Leave every picture out, and give again exactly the lines from the one containing "RUEDA S ELITE" through the end of the listing.
Segment Start: Dataset section
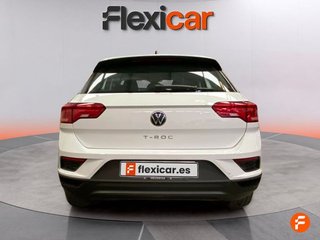 Volkswagen T-Roc Advance 2.0 TDI 85kW (115CV)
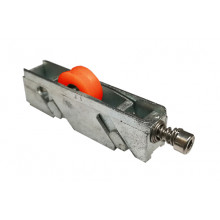 RUEDA S ELITE VENTANA A 200 ALUGOM ZAMAK ROD. BOLAS REGULABLE HE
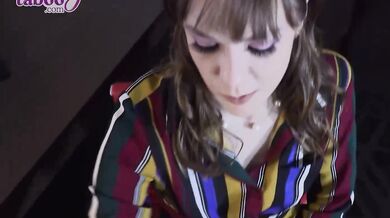 Teenytaboo - Rebecca Vanguard Sucks Big Cock 2 Girl Get A Job!Teeny Taboo - Seth Brogan Fucked Her! Rebecca Vanguard Got The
Segment End: Dataset section
* [Result below]:
 RUEDA S ELITE VENTANA A 200 ALUGOM ZAMAK ROD. BOLAS REGULABLE HE
 Teenytaboo - Rebecca Vanguard Sucks Big Cock 2 Girl Get A Job!Teeny Taboo - Seth Brogan Fucked Her! Rebecca Vanguard Got The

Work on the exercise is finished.